From the line that holds "a bedroom with" to the last line below, retype everything exactly and nothing else; omit pictures.

■ SOURCE DATA ■
::::::::
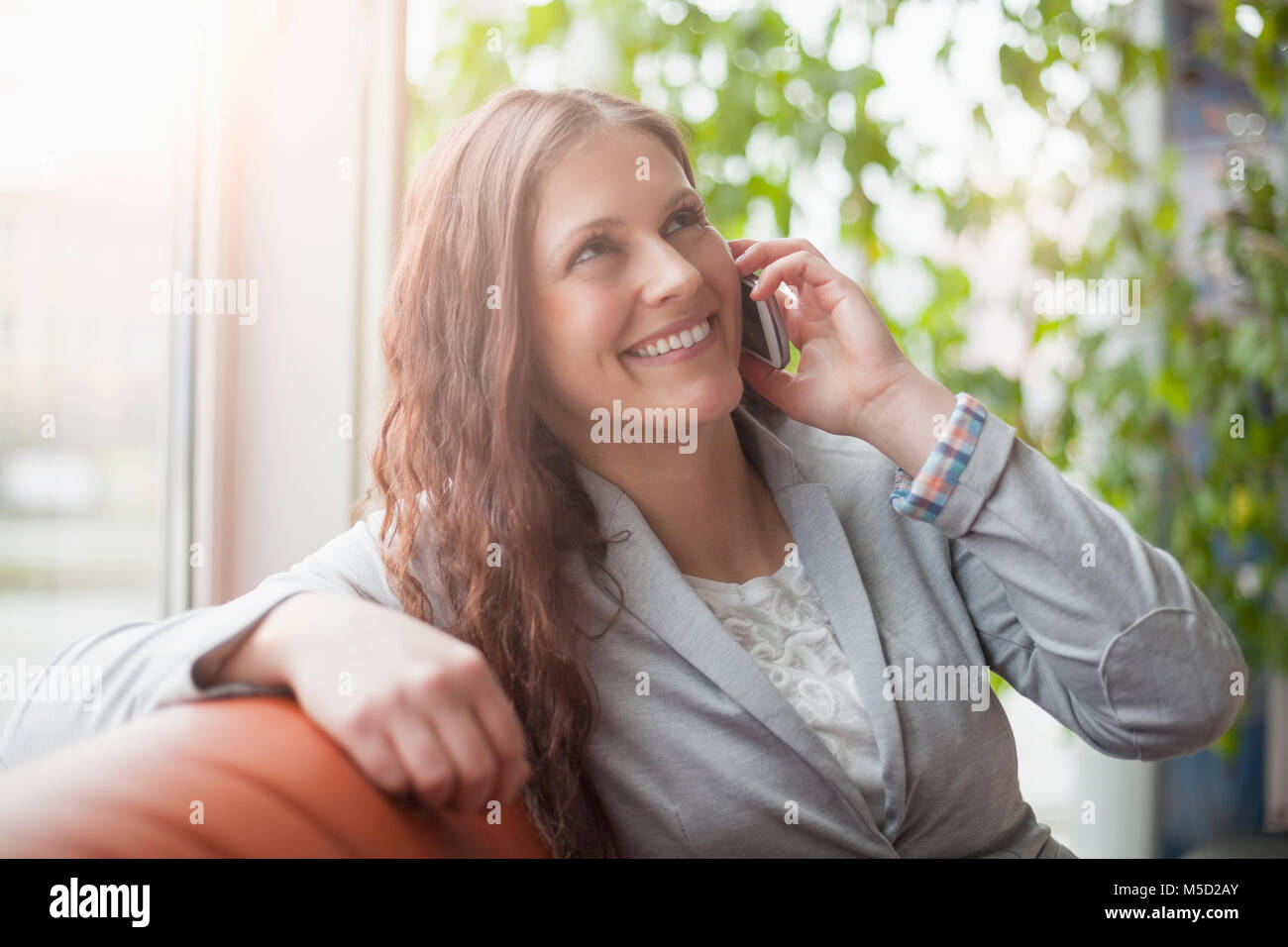 Lächelnden jungen Geschäftsfrau Gespräch am Handy im Büro Lobby Stockfoto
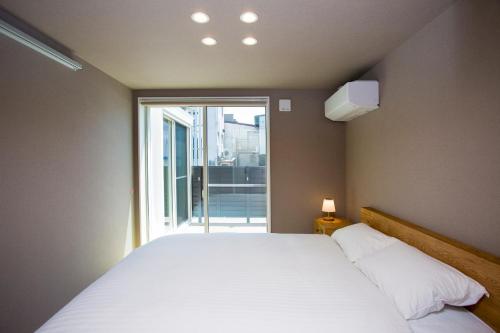 a bedroom with a large bed and a large window at Rakuten STAY HOUSE x WILL STYLE Matsue 101 in Matsue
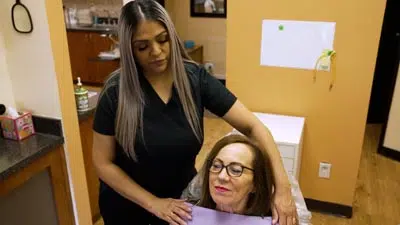 dental assistant prepping patient for an emergency dentistry procedure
::::::::
■ TASK OUTPUT ■
 a bedroom with a large bed and a large window at Rakuten STAY HOUSE x WILL STYLE Matsue 101 in Matsue
 dental assistant prepping patient for an emergency dentistry procedure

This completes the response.